**EXERCISE INSTRUCTIONS:** If pictures appear among the lines below, leave them out while you return exactly the lines from the one with "tel système fonctionne" through the one with "Simple Woman Love".
--- DATA EXCERPTS ---
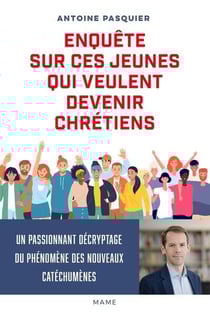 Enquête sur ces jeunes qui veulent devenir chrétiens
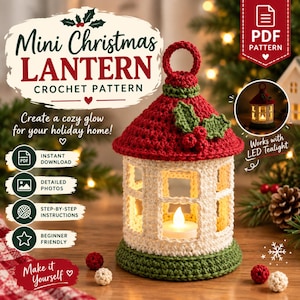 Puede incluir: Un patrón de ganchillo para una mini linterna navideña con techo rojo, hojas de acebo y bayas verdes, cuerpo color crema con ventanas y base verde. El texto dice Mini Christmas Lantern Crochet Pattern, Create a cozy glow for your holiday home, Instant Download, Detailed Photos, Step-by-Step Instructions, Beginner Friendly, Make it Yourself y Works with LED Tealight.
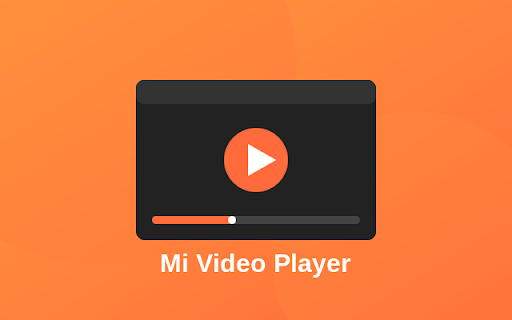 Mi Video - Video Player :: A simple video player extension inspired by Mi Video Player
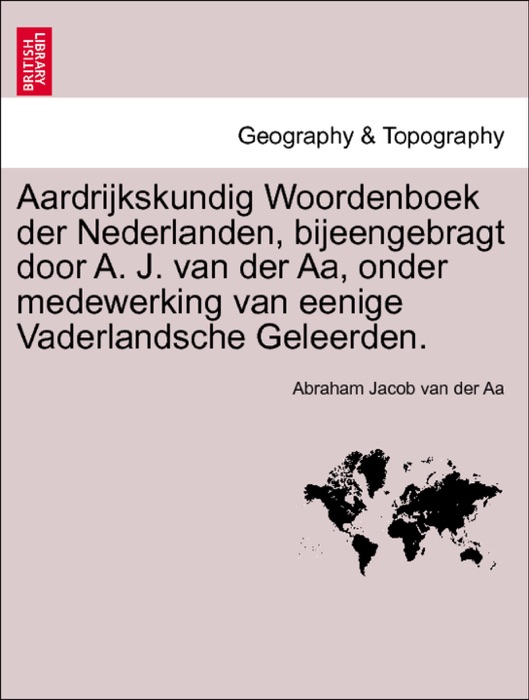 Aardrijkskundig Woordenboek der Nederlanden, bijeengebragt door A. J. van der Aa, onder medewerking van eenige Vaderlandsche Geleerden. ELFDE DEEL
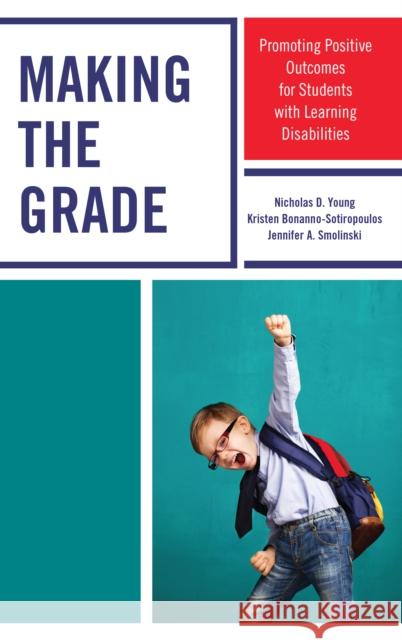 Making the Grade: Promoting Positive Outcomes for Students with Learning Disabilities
---
--- DATA EXCERPTS ---
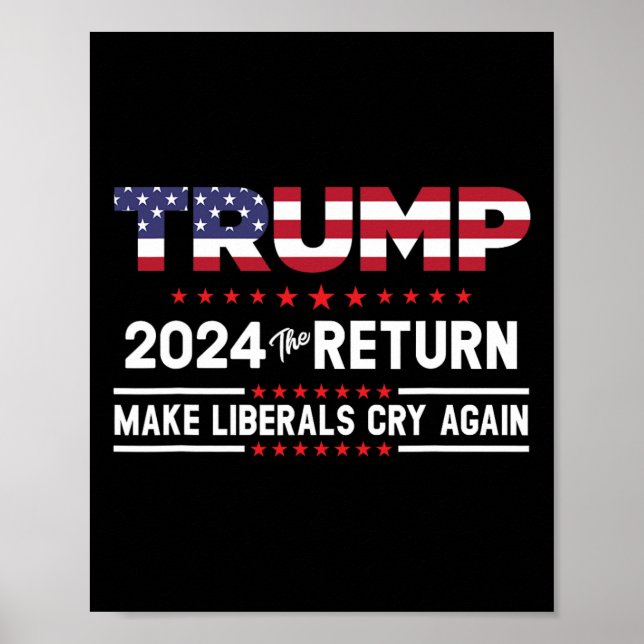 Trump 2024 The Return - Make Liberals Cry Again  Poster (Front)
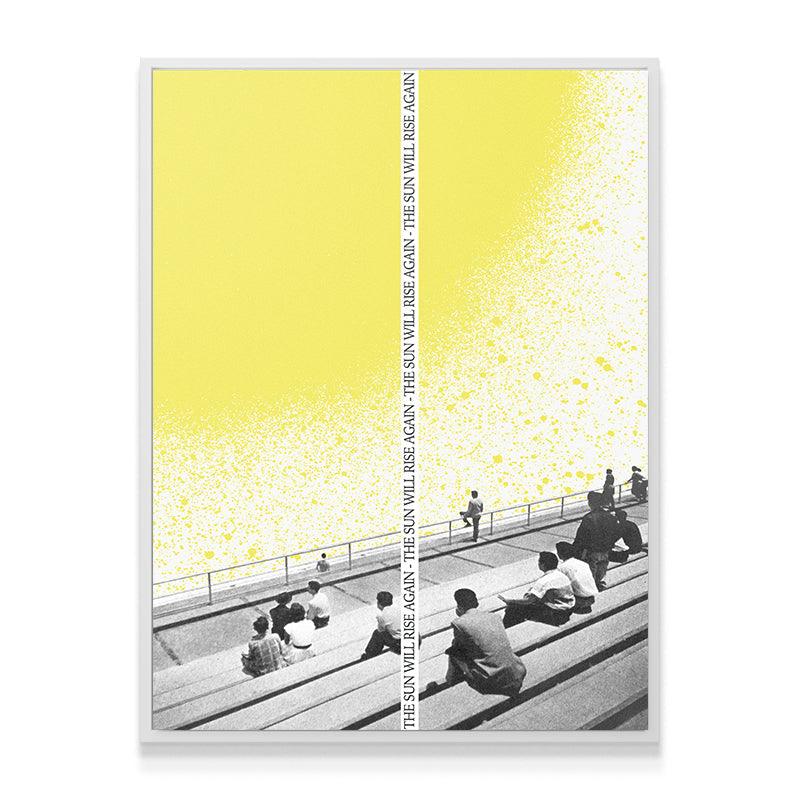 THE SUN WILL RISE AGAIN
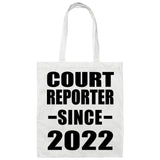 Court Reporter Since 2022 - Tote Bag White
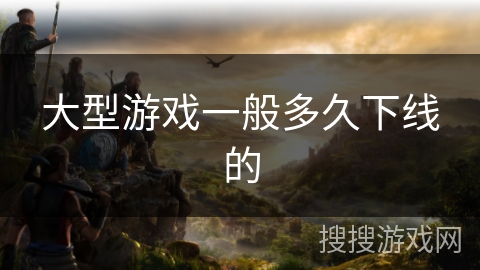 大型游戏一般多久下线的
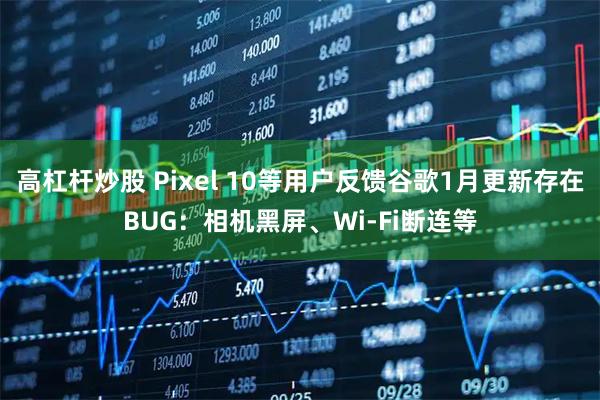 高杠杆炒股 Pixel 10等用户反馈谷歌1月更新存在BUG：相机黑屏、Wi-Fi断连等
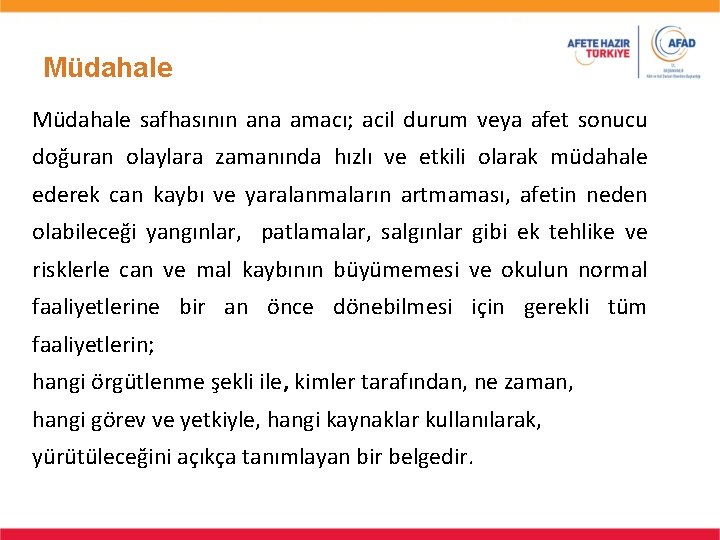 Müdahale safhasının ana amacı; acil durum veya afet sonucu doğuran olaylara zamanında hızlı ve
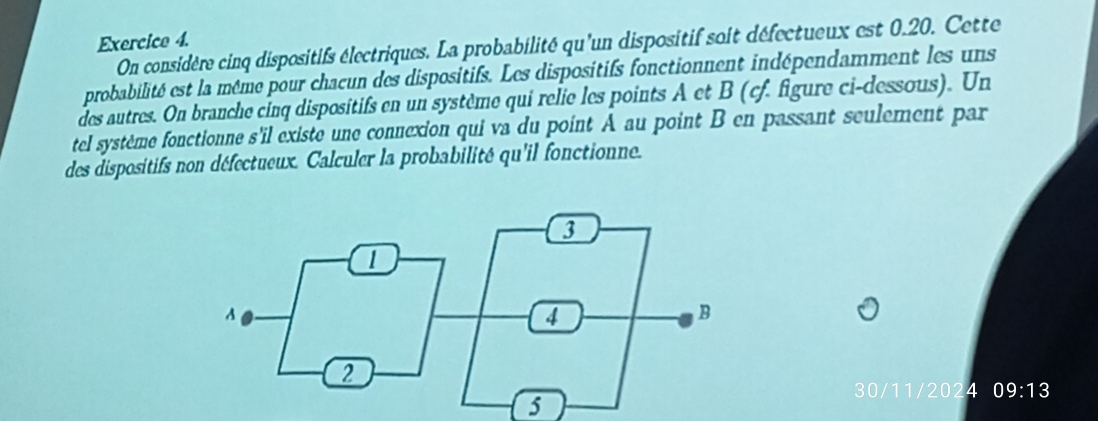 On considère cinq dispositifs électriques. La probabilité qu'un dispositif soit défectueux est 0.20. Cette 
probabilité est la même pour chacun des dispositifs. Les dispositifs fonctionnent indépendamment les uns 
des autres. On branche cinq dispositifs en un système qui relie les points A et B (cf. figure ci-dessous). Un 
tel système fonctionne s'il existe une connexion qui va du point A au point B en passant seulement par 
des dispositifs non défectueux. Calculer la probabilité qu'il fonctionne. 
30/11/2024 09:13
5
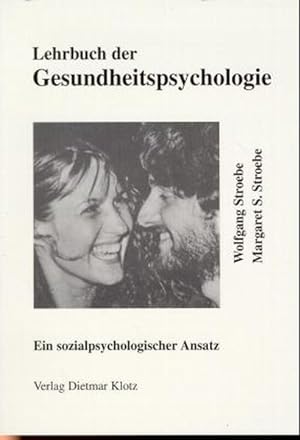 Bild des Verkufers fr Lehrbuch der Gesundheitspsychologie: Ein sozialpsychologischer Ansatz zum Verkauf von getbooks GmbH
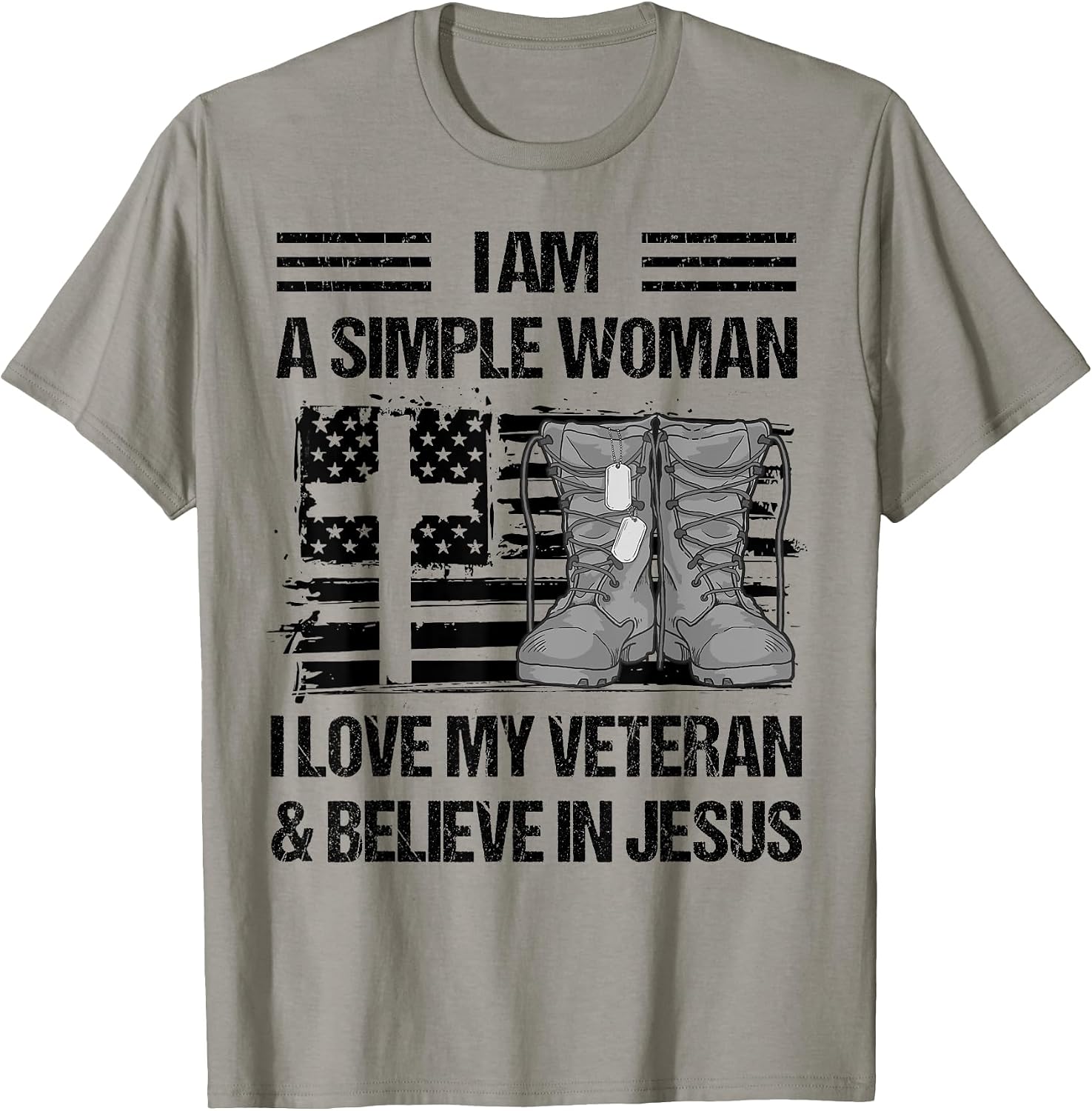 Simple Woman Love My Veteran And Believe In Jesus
---
--- DATA EXCERPTS ---
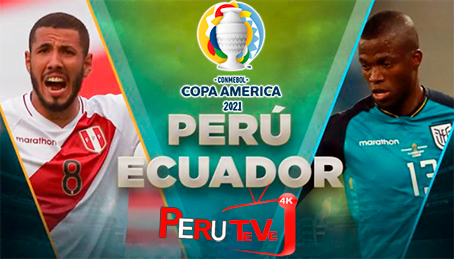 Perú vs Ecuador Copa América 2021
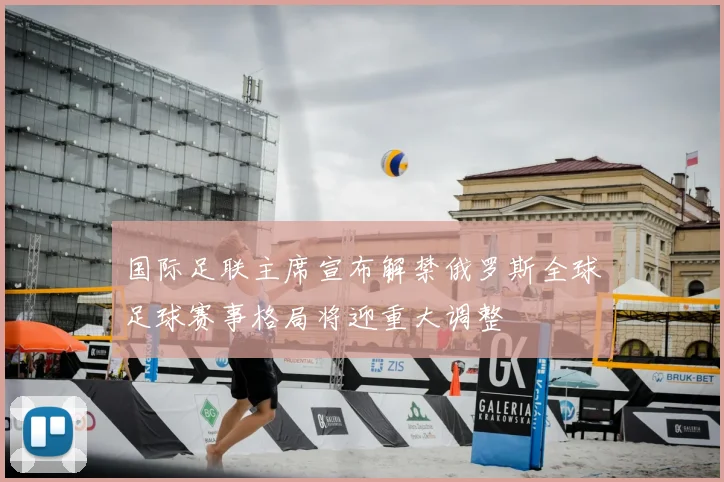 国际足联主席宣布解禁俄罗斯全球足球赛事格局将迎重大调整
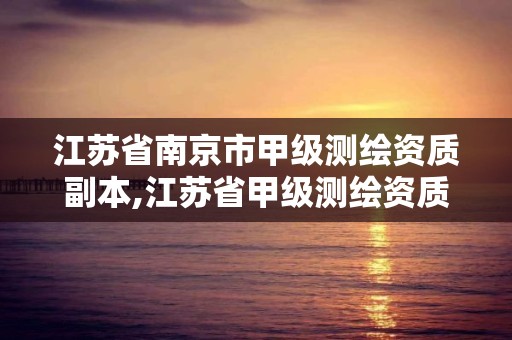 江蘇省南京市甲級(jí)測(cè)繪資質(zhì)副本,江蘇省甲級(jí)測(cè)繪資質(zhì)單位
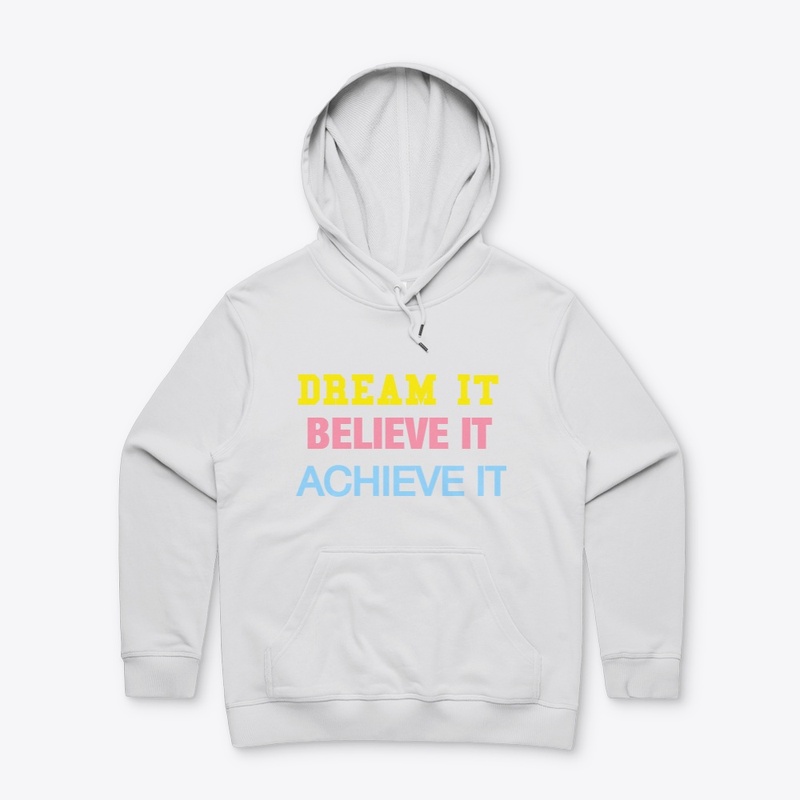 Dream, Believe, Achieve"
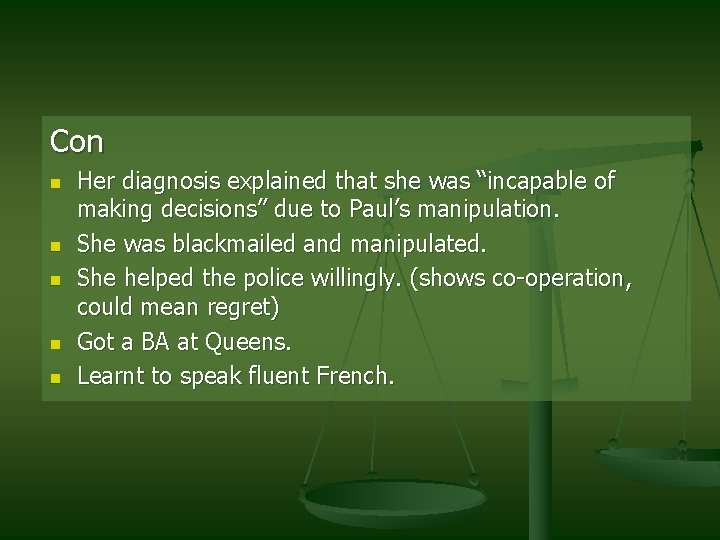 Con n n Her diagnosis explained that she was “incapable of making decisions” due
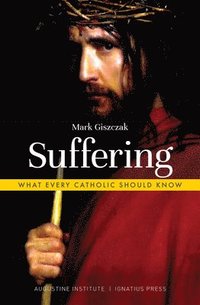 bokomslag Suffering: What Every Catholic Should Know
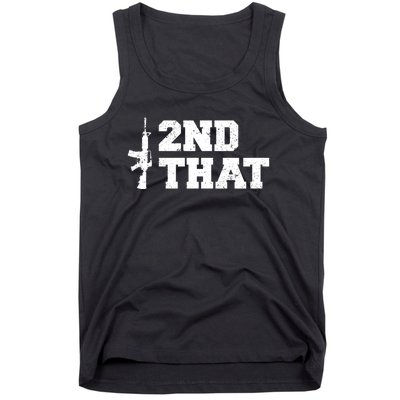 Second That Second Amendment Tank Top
---
**TASK SOLUTION:**
tel système fonctionne s'il existe une connexion qui va du point A au point B en passant seulement par 
des dispositifs non défectueux. Calculer la probabilité qu'il fonctionne. 
30/11/2024 09:13
5
 Bild des Verkufers fr Lehrbuch der Gesundheitspsychologie: Ein sozialpsychologischer Ansatz zum Verkauf von getbooks GmbH
 Simple Woman Love My Veteran And Believe In Jesus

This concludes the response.